Et là, dans la scène d'Olivier Py, au lieu de tirer sur le fil, l'Ange dégainait son épée et la posait sur le sexe de Jeanne Balibar. O Résurrection ! A cet instant, tout devint clair pour moi. Punir Prouhèze, ce n'était pas tirer sur le fil de son désir et rendre la douleur de son manque au-delà du soutenable, comme j'avais cru le comprendre à la lecture - car, aliéné à mes anciens schémas sado-théologiques, je ne voyais là-dedans qu'une infâme torture de plus et même le rire et le "contentement" de Prouhèze étaient pour moi ceux du désespoir et de l'ironie atroce - , mais bien au contraire, lui infliger la jouissance la plus bouleversante et la plus apte à la faire renoncer à son amant.

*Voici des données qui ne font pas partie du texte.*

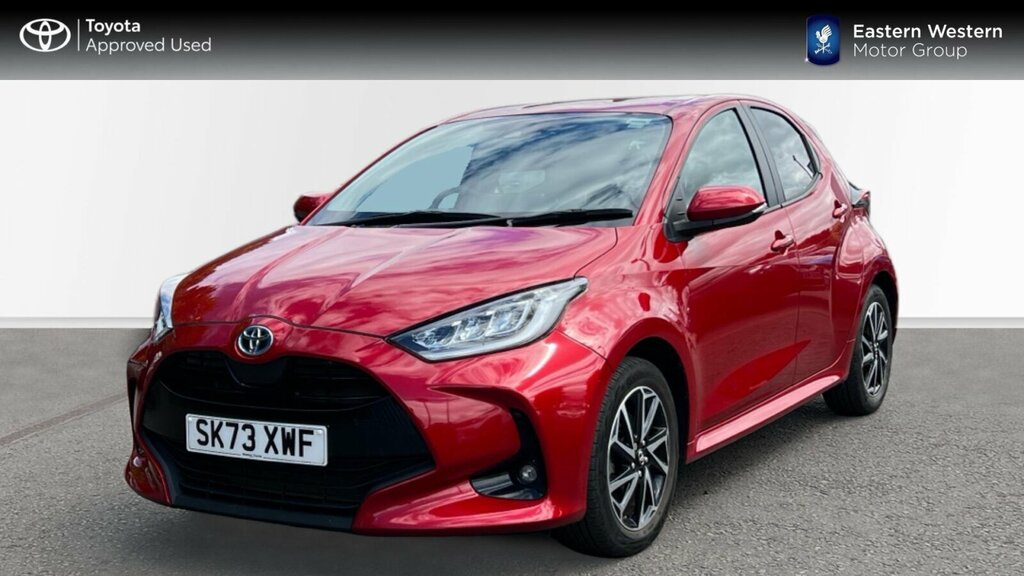 Toyota Yaris 1.5 Vvt-h Design E-cvt Euro 6 Ss SK73XWF Red #3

Oui, Prouhèze jouissait devant nous, réellement, sans arrière-goût, et c'est au théâtre que je l'ai compris. Py m'aura au moins servi à ça. Au lieu de vous foutre de ma gueule, écoutez plutôt !

DONA PROUHEZE, riant : - Ah ! frère, fais-moi durer encore cette seconde !
L'ANGE GARDIEN : - Salut, ma soeur bien-aimée ! Bienvenue, Prouhèze, dans la flamme !
Les connais-tu à présent, ces eaux où je voulais te conduire ?
DONA PROUHEZE : Ah ! je n'en ai pas assez ! encore ! Rends-la-moi donc enfin, cette eau où je fus baptisée !
L'ANGE GARDIEN : - La voici de toutes parts qui te baigne et te pénètre.
DONA PROUHEZE : - Elle me baigne et je n'y puis goûter ! c'est un rayon qui me perce, c'est un glaive qui me divise,
c'est le fer rouge effroyablement appliqué sur le nerf même de la vie, c'est l'effervescence de la source qui s'empare de tous mes éléments pour les dissoudre et les recomposer, c'est le néant à chaque moment où je sombre et Dieu sur ma bouche qui me ressuscite, et supérieure à toutes les délices, ah, c'est la traction impitoyable de la soif, l'abomination de cette soif affreuse qui m'ouvre et me crucifie !
L'ANGE GARDIEN : - Demandes-tu que je te rende à l'ancienne vie ?
DONA PROUHEZE : - Non, non, ne me sépare plus à jamais de ces flammes désirées ! Il faut que je leur donne à fondre et à dévorer cette carapace affreuse, il faut que mes liens brûlent, il faut que je leur tienne à détruire toute mon affreuse cuirasse, tout cela que Dieu n'a pas fait, tout ce roide bois d'illusion et de péché, cette idole, cette abominable poupée que j'ai fabriquée à sa place de l'image vivante de Dieu dont ma chair portait le sceau empreint !
L'ANGE GARDIEN : - Et ce Rodrigue, où crois-tu que tu lui sois le plus utile, ici-bas ?
Ou dans ce lieu maintenant que tu connais ?
DONA PROUHEZE : - Ah ! Laisse-moi ici ! ah ! ne me retire pas encore ! pendant qu'il achève en ce lieu obscur sa course laisse-moi me consumer pour lui comme une cire aux pieds de la Vierge !
Et qu'il sente sur son front de temps en temps tomber une goutte de cette huile ardente !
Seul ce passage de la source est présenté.